Northern Irish fantasy author (born 1967)

Paul Kearney (born 1967) is a Northern Irish fantasy author. He is noted for his work in the epic fantasy subgenre and his work has been compared to that of David Gemmell.

==Life==
Kearney was born in Ballymena, Northern Ireland, in 1967. He studied Anglo-Saxon, Middle English, and Old Norse at Oxford University and then spent several years in both the United States and Denmark before returning to Northern Ireland. He currently lives and writes in County Down.

==Writings==
Kearney made his name with the stand-alone novels A Different Kingdom (1993), The Way to Babylon (1992) (Note: The Way to Babylon is Kearney's second book, but it was the first published), and Riding the Unicorn (1994). All these novels had some common threads, most notably the use of a hero from our world who journeys into a fantastical one. Despite strong reviews, these books had commercially disappointing sales, and Kearney was asked to consider a more traditional fantasy epic. The outcome was the Monarchies of God, which brought him a measure of success, and ran to five volumes.

After finishing the Monarchies series, Kearney embarked on a new series, The Sea Beggars, which began with The Mark of Ran (2004) and tells the story of Rol Cortishane. It is based almost entirely around ocean-based adventures. A second volume, This Forsaken Earth, was published in July 2006. The series was expected to be four books long and the third had nearly been completed when the series was unexpectedly dropped by Bantam in May 2007. However, Kearney was quickly signed-up by publisher Solaris Books, who contracted him to write a new fantasy epic entitled The Ten Thousand and based loosely on the Anabasis of Xenophon. This book was published in August 2008. Solaris also re-issued the Monarchies of God series as a two-volume omnibus edition and intends to publish the finished Sea Beggars series as soon as Bantam give up the publishing rights. Kearney has also written a tie-in novel based on the Primeval TV series.

In 2009, after a hiatus brought about by Solaris' purchase by Rebellion Books, Kearney was contracted for two additional books set in the world of The Ten Thousand and the Monarchies omnibuses was scheduled for late 2010 publication.

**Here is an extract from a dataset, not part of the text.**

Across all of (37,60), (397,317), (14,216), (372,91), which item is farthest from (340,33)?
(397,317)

In 2009 Kearney was longlisted for the inaugural David Gemmell Legend Award for Best Fantasy Novel.

===Bibliography===
Short Stories
- "South Mountain" (2014, in Dangerous Games)

Novels
- The Way to Babylon (1992)
- A Different Kingdom (1993)
- Riding the Unicorn (1994)
- Primeval: The Lost Island (2008)
- The Wolf in the Attic (2016); a sequel, The Burning Horse (working title: The Other Side of Things) had been schedule for a release in 2019 but apparently has been canceled

The Monarchies of God
1. Hawkwood's Voyage (1995)
2. The Heretic Kings (1996)
3. The Iron Wars (1999)
4. The Second Empire (2000)
5. Ships from the West (2002)
- Hawkwood and the Kings (2010, the first volume of an omnibus edition, collecting Books 1-2)
- Century of the Soldier (2010, the second volume of an omnibus edition, collecting Books 3-5)

The Sea Beggars
1. The Mark of Ran (2004)
2. This Forsaken Earth (2006)
3. Storm of the Dead (unpublished)
The series was dropped by the original publisher Bantam after the second book was published. In 2011 the series was picked up by Solaris, who were due to publish the completed series as an omnibus in 2012 but this was delayed indefinitely due to legal issues: while Bantam UK agreed to release the rights, as of 2016 Bantam Spectra in the US retains the rights, preventing Solaris from publishing any of the books in the series.

The Macht
1. The Ten Thousand (2008)
2. Corvus (2010)
3. Kings of Morning (2012)

Warhammer:
- "Broken Blood", short story in Death & Dishonour (2010)

Warhammer 40.000:
- "The Last Detail", short story in Legends of the Space Marines (2010)
- "The Blind King", short story (2015)
- Umbra Summus, novel, was to be released in May 2015 but currently on hold due to legal issues.
- Calgar's Siege (2017), novel
- Calgar's Fury (2017), novel
- Calgar's Reckoning (2018), novel

Other:
The Dumps (2010).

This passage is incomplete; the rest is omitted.